我掏出那個比彈弓大不了多少的小弓箭,仔細研究了一會,卻看不出到底是什麼材質,猶疑地看向秦慕,“秦慕,你老實說,這個,能當多少錢?”
秦慕額頭上細小的青筋抽動了一下,很明顯不想糾纏於這個話題,轉問道,“十三娘如何得知我被困在雨王府?”
我給了秦慕一個意味深長的笑容,收起小弓箭,盤膝坐在地上,“慕兒,這次老實交代吧,你與那天仙般的美人公主是什麼關係?”

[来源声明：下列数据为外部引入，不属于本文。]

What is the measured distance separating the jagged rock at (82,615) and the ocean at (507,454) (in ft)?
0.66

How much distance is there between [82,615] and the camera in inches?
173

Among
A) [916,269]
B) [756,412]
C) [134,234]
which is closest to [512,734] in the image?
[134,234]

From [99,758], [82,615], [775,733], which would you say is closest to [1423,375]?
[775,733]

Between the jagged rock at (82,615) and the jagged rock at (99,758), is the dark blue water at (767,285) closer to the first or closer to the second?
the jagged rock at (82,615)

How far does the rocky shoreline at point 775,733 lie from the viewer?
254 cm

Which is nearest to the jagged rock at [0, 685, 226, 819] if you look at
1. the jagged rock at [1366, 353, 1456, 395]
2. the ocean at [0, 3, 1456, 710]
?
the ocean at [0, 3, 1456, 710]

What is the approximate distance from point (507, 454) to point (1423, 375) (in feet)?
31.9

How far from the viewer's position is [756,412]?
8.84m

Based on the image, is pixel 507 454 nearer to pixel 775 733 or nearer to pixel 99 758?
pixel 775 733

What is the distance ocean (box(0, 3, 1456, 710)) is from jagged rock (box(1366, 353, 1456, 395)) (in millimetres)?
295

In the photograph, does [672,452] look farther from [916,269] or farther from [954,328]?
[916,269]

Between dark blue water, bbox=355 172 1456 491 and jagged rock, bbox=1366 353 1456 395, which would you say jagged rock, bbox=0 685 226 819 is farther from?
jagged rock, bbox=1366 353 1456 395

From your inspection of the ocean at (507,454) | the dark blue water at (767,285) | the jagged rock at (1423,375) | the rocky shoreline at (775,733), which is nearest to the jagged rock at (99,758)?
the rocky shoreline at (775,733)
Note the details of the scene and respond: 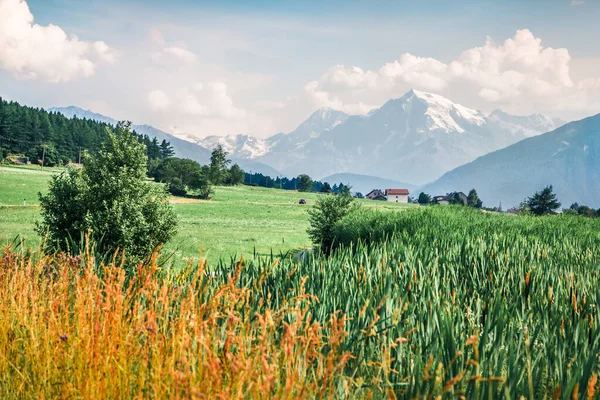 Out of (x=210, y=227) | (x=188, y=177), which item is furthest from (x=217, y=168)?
(x=210, y=227)

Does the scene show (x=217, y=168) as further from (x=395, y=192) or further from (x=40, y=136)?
(x=395, y=192)

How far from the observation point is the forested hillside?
114m

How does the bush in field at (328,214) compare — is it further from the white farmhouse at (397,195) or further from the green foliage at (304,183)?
the white farmhouse at (397,195)

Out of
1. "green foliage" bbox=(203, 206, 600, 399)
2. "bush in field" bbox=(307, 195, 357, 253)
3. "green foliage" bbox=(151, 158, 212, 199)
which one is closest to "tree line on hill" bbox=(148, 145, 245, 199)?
"green foliage" bbox=(151, 158, 212, 199)

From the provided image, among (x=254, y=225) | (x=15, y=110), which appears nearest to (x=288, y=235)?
(x=254, y=225)

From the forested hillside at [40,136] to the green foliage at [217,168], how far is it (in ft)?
61.9

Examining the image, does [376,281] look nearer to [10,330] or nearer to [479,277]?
[479,277]

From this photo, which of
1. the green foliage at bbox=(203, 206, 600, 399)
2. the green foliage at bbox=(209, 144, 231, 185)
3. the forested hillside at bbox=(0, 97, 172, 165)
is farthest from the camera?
the forested hillside at bbox=(0, 97, 172, 165)

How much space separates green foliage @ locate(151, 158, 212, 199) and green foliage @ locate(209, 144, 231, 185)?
4.97 metres

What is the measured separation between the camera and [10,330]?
4422mm

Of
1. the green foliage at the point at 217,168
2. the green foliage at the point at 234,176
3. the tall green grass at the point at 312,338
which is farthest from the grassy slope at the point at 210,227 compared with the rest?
the green foliage at the point at 234,176

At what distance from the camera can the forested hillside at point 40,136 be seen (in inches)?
4491

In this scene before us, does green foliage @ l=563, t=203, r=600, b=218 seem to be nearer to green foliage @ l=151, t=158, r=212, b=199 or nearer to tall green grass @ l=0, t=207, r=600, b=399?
green foliage @ l=151, t=158, r=212, b=199

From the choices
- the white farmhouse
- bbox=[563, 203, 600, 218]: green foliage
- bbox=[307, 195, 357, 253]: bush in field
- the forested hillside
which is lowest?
bbox=[307, 195, 357, 253]: bush in field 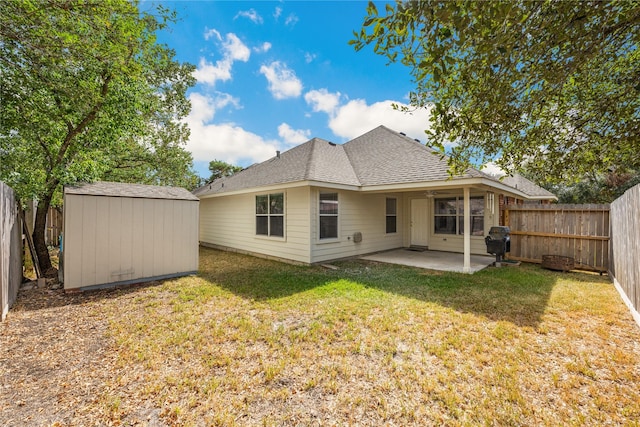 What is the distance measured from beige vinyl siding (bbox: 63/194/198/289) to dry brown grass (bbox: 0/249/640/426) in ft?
2.12

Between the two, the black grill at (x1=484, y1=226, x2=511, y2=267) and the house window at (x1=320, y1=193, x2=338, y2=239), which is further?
the house window at (x1=320, y1=193, x2=338, y2=239)

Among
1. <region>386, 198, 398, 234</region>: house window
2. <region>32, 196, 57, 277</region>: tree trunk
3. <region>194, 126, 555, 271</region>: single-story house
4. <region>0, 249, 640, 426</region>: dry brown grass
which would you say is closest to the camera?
<region>0, 249, 640, 426</region>: dry brown grass

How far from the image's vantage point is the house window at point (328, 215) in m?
8.11

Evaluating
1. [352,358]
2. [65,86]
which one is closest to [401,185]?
[352,358]

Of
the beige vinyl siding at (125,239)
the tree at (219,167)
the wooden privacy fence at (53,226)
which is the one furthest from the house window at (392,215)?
the tree at (219,167)

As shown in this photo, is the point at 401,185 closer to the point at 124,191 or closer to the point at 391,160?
the point at 391,160

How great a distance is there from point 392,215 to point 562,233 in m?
5.05

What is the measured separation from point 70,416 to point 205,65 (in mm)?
11646

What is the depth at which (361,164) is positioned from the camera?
996 centimetres

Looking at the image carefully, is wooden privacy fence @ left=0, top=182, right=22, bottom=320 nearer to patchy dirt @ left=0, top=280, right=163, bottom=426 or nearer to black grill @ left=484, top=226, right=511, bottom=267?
patchy dirt @ left=0, top=280, right=163, bottom=426

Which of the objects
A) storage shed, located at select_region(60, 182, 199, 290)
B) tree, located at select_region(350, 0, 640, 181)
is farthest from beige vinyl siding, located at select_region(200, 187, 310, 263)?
tree, located at select_region(350, 0, 640, 181)

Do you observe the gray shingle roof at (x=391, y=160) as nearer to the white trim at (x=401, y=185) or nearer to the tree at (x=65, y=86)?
the white trim at (x=401, y=185)

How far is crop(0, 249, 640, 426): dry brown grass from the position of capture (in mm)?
2178

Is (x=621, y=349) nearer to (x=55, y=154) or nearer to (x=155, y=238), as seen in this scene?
(x=155, y=238) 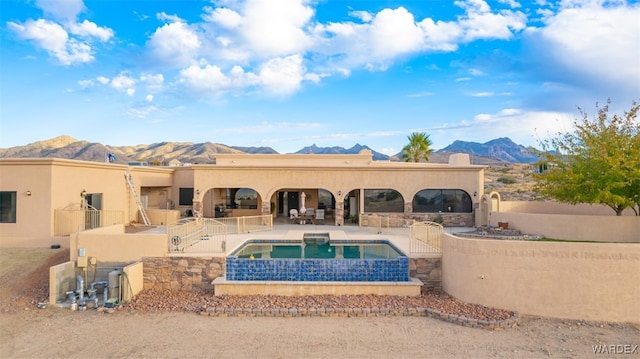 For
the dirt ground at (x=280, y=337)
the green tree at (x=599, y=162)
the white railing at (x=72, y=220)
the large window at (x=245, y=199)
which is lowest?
the dirt ground at (x=280, y=337)

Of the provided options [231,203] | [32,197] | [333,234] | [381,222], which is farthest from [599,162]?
[32,197]

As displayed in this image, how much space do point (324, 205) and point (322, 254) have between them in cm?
1058

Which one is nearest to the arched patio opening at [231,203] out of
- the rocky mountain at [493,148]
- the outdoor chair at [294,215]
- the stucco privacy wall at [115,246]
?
the outdoor chair at [294,215]

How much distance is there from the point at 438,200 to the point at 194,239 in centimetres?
1436

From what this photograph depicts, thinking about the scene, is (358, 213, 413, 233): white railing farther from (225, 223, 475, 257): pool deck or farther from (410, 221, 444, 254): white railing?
(410, 221, 444, 254): white railing

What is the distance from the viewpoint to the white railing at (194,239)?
1345 centimetres

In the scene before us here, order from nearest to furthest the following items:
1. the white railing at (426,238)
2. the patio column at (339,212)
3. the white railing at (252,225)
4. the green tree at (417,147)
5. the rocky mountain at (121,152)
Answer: the white railing at (426,238)
the white railing at (252,225)
the patio column at (339,212)
the green tree at (417,147)
the rocky mountain at (121,152)

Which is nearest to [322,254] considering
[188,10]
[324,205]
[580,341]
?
[580,341]

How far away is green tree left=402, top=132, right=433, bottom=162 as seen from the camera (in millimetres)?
31016

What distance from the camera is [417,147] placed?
31.1 m

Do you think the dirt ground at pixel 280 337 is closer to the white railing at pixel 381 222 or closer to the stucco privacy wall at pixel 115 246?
the stucco privacy wall at pixel 115 246

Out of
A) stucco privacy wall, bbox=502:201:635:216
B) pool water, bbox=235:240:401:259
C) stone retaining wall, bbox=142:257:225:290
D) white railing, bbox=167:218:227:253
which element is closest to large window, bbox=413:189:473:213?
stucco privacy wall, bbox=502:201:635:216

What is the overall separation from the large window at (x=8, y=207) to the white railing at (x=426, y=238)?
17.1 meters

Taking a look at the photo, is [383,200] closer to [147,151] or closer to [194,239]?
[194,239]
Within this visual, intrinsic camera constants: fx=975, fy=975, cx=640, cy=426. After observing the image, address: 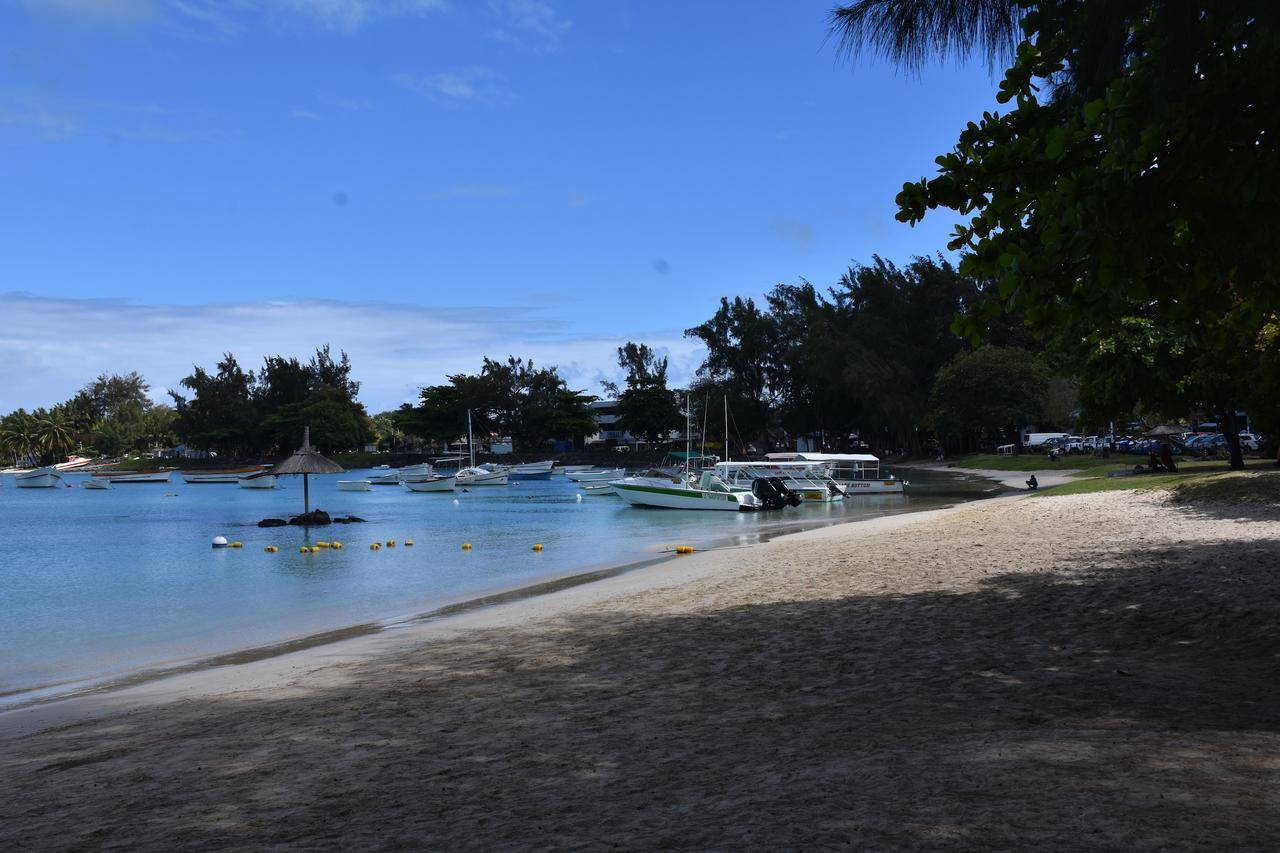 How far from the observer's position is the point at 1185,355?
35.0 meters

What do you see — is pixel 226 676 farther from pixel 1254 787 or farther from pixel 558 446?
pixel 558 446

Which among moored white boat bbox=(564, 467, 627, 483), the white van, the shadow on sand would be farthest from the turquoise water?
the white van

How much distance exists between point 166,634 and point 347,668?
859 centimetres

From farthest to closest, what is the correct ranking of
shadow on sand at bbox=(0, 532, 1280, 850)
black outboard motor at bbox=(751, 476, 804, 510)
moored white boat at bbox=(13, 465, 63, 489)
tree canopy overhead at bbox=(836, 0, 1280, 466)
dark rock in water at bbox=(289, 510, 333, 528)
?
1. moored white boat at bbox=(13, 465, 63, 489)
2. black outboard motor at bbox=(751, 476, 804, 510)
3. dark rock in water at bbox=(289, 510, 333, 528)
4. tree canopy overhead at bbox=(836, 0, 1280, 466)
5. shadow on sand at bbox=(0, 532, 1280, 850)

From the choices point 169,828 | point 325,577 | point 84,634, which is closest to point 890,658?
point 169,828

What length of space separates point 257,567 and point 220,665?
52.7ft

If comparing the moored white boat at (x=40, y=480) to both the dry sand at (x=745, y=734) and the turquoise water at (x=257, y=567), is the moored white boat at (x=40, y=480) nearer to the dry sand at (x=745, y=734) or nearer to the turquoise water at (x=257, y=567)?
the turquoise water at (x=257, y=567)

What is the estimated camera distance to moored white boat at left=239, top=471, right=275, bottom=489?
94988 mm

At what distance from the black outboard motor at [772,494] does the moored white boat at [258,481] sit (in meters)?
60.0

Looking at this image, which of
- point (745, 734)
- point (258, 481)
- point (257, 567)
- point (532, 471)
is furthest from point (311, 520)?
point (258, 481)

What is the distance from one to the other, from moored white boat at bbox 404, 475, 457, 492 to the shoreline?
61406 mm

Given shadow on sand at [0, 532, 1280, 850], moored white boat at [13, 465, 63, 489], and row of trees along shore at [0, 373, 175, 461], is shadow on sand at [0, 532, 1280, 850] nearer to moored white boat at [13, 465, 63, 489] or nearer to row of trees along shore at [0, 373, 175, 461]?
moored white boat at [13, 465, 63, 489]

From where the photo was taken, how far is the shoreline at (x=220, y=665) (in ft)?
34.0

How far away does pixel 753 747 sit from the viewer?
5.81 meters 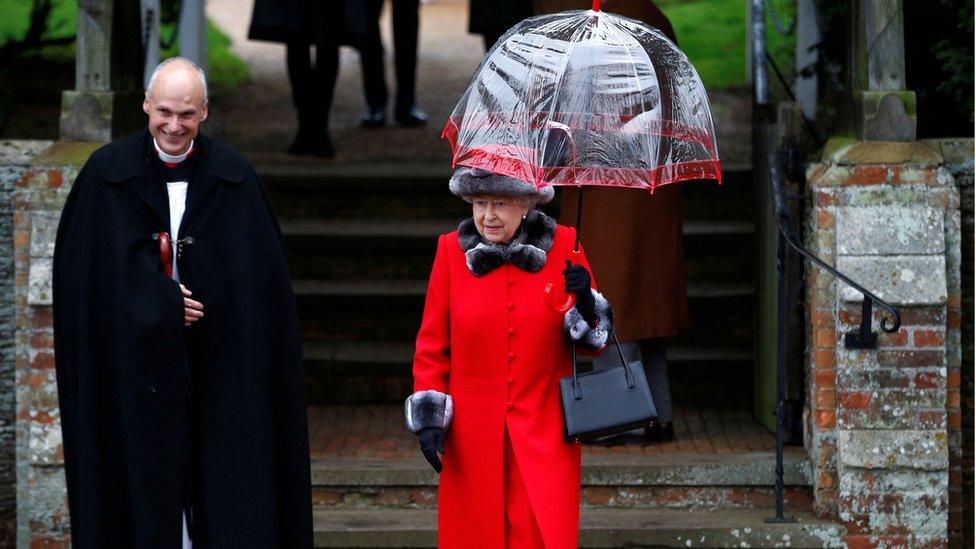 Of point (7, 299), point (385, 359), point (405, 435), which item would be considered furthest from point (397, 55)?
point (7, 299)

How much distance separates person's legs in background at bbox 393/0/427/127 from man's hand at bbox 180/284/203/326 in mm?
Answer: 5995

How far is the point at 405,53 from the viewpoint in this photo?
34.9ft

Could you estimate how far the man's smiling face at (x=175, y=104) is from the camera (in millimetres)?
4629

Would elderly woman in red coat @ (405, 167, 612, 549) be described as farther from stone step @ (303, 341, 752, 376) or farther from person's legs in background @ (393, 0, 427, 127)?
person's legs in background @ (393, 0, 427, 127)

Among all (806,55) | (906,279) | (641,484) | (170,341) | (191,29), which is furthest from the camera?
(191,29)

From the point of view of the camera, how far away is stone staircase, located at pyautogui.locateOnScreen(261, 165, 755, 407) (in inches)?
300

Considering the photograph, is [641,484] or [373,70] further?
[373,70]

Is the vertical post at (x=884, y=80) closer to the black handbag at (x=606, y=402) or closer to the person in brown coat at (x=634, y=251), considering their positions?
the person in brown coat at (x=634, y=251)

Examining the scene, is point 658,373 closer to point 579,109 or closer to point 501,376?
point 501,376

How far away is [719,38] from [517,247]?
873 centimetres

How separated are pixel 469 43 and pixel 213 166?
10.4 meters

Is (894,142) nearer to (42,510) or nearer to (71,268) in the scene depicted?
(71,268)

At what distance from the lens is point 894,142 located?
619 cm

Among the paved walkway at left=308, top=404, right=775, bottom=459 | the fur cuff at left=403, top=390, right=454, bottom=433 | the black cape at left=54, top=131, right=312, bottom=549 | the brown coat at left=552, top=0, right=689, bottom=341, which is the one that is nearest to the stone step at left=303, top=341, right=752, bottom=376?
the paved walkway at left=308, top=404, right=775, bottom=459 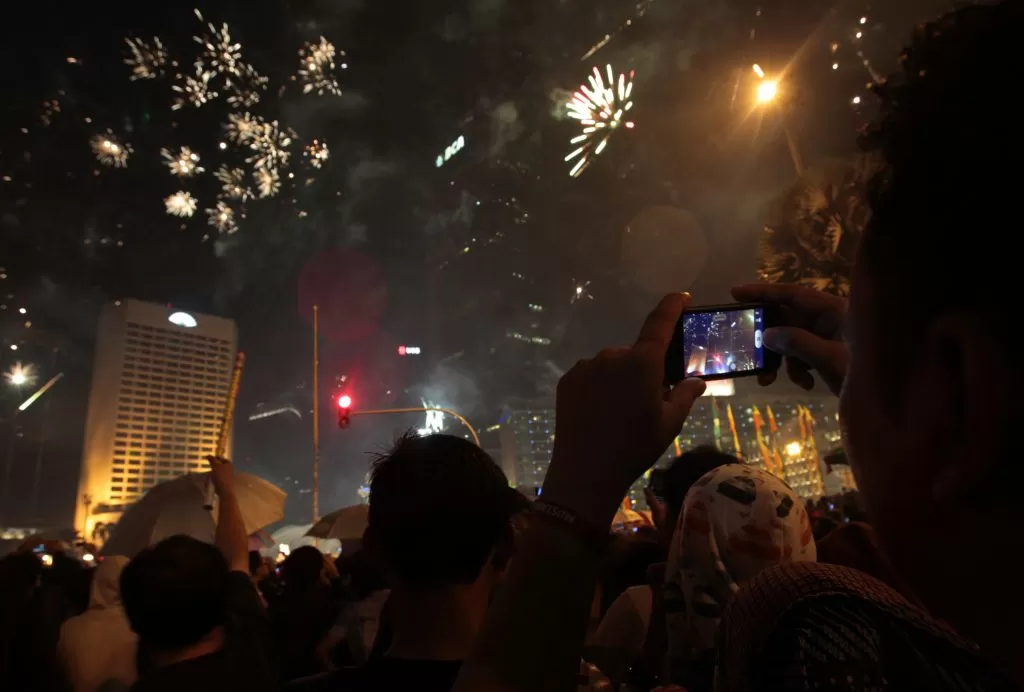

從前,有三個小男孩,分別叫做雪影、雷影、雲影——我反覆確認過了,沒有叫電影的——雲影寄居在舅舅家,十分想念他的父母,在兩個好朋友的幫助下,歷經千難萬險,終於迷路了,然後遇到了一個小女孩……
該小男孩雖嘴巴惡毒,心胸狹隘,所幸眼力不錯,一眼看出這個小女孩將來必非凡品,決定先下手為強,頭髮、腰帶、襪子能送的都送給人家了,本來是做好了打持久戰的準備的,但是小女孩的爸爸,小男孩的假想岳丈,眼力也是不賴的,棒打小鴨子——那時,他們還沒成熟到鴛鴦的程度——他把小男孩安全地送回了他舅舅家。
如果說這時他們的愛情還是一顆小小的種子,那麼五年後,連州燈會上,兩人再次金風玉露一相逢,毫無疑問使這顆種子發了芽,而後以基因突變——比迅雷不及掩耳盜鈴之勢還要快的速度成長起來。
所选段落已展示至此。